Donald Trump seems utterly incapable of two things: promoting a nuanced political argument and finding a decent hair stylist. One is an assault on the eyes; the other, a threat to the fundamental principles of this country.
With Trump having thrown his toupée into the ring, a debate over birthright citizenship was practically inevitable. But The Donald isn’t going after President Obama this time. He’s set his sights on a much more vulnerable target. And whereas before he was only demanding one U.S. birth certificate, now he’s out for millions.
On Sunday the formerly bankrupt billionaire and current Republican presidential frontrunner published his immigration plan, in which he spends three, short sentences calling for an end to birthright citizenship. “This remains the biggest magnet for illegal immigration,” he explains, ignoring that maybe emigrants from Latin America come to the United States to escape economies weakened by imposed neoliberal policies and violence inflamed by the United States’ export of a disastrous drug war.
Trump’s minimal explanation leaves much to the imagination, but what he probably advocates is a citizenship system that does away with jus soli (right of the soil) and retains only jus sanguinis (right of blood), meaning the birthright citizenship of anyone born to at least one U.S. citizen. As it stands, not everyone born on U.S. soil is granted U.S. citizenship, namely the children of diplomats, invading enemies and American Samoa.
Of course, there is that pesky matter of the U.S. Constitution, the 14th Amendment of which states that “all persons born or naturalized in the United States, and subject to the jurisdiction thereof, are citizens of the United States and of the State wherein they reside.” The amendment was ratified in 1868 as a clear rebuff of the U.S. Supreme Court’s Dred Scott ruling 11 years prior, which had denied the citizenship of all blacks in the United States —free or slave, natural born or not— and hastened a blood-soaked struggle over the future not of states’ rights, but of American slavery.
That jus soli is common only in the Americas is no historical fluke. A rejection of hereditary privilege orbited the nucleus of the American Revolution, with the 14th Amendment and other constitutional revisions introduced later to ensure coherence to the central premise of the United States—that all persons are born with equal rights.
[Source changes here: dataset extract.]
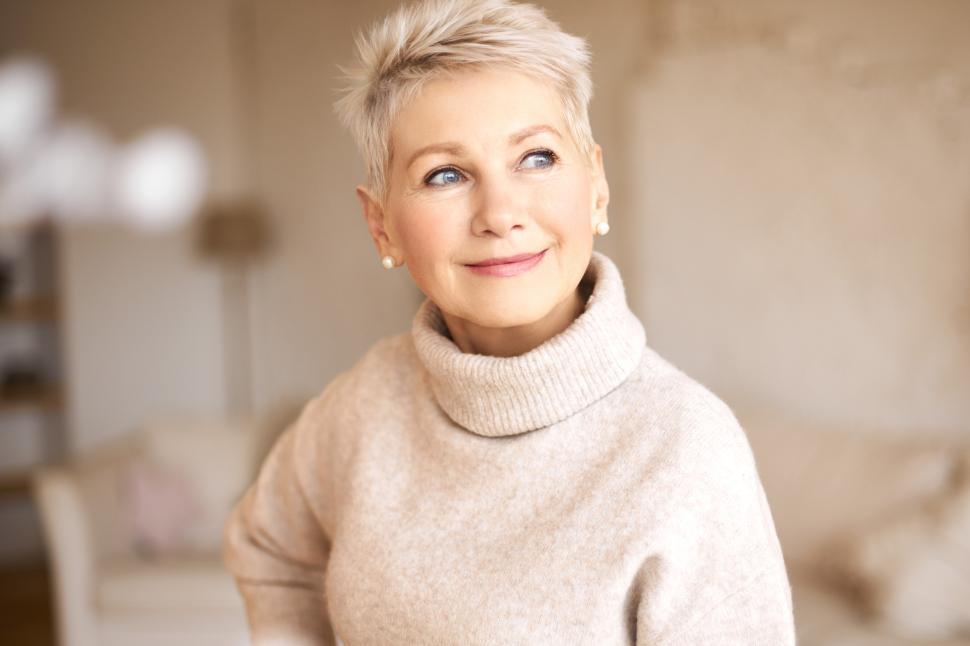 Free Image of People, age and maturity. Close up shot of elegant blonde middle aged woman with short haircut looking up with pensive smile, thinking about something pleasant, making plans, recollecting old days 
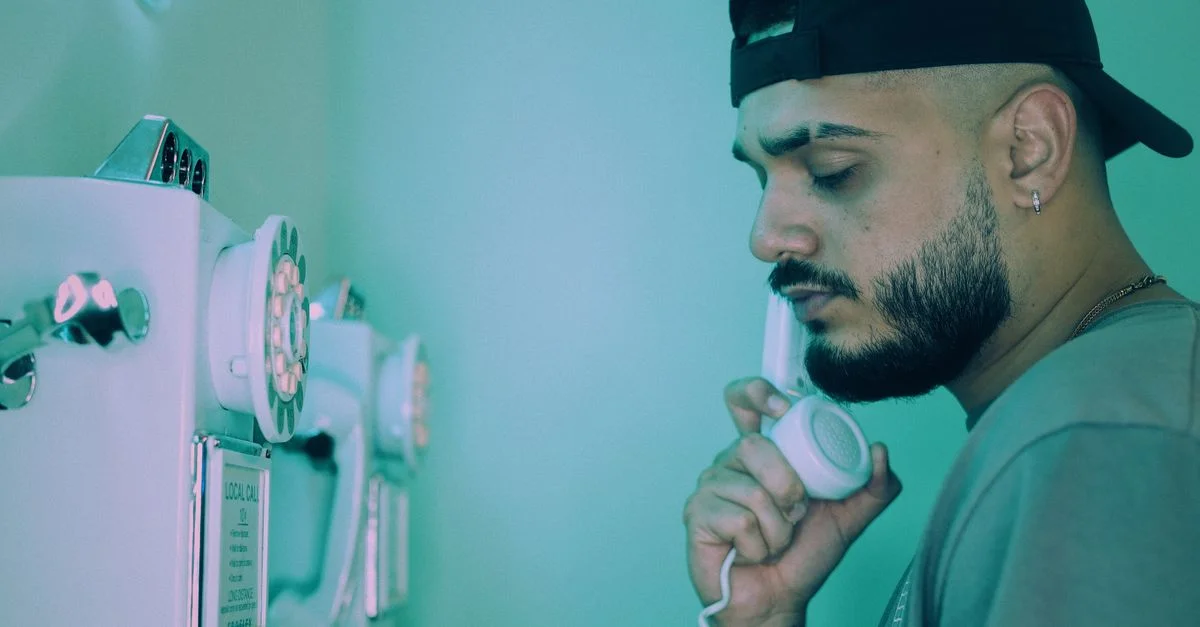 Un homme barbu portant une casquette utilisant un téléphone vintage avec un éclairage d'ambiance teal.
Plus, while much of the Old World still clings to the notion that a nation is something inherited along with Grandma’s favorite necklace, the “New World philosophy” of jus soli transforms the idea of nationhood into a society open to anyone willing to adopt its political culture.
Many Americans think otherwise, however, believing America to be a multicultural nation whose blessings are reserved for its white, Christian citizens. A lot of them support Trump’s presidential campaign. They love to hear the country’s upper crust talk of forcing Mexico to pay for a border fence and stripping millions of Latinos of their homeland—again. And that isn’t the only way in which history threatens to repeat itself, for those who fail to learn from history run the risk of looking like Nazis.
Speaking of, Latino Rebels’ fearless leader has written an article for Latino USA, linking Trump’s anti-immigration rhetoric to groups such as the Federation for American Immigration Reform, the Center for Immigration Studies, NumbersUSA—all founded by a eugenics-advocating retired ophthalmologist by the name of John Tanton. Some of those organizations have tried to distance themselves from Tanton in the years following his leadership, but if ever you find yourself standing shoulder to shoulder with a racist, you know something is wrong.
Moral arguments aside, Trump’s plan to end birthright citizenship has as much chance of succeeding as a Trump casino. President Trump would either have to get an amendment approved by two-thirds of both chambers of Congress and then ratified by three-fourths of the states, or hope the Supreme Court overturns an 1898 ruling that —with a few exceptions— granted birthright citizenship to anyone born on American soil.
Nevertheless, should either of that actually happen in the not-too-distant future, a lot of other things would have to be altered in this country to fit the nation’s new concept of itself. I would start with one of America’s most iconic folk songs:
This land ain’t your land, this land is my land
If you’re not born here, gotta say ‘goodbye’ then
We won’t speak your Spanish, we don’t want no foreigners
This land ain’t made for you, just me.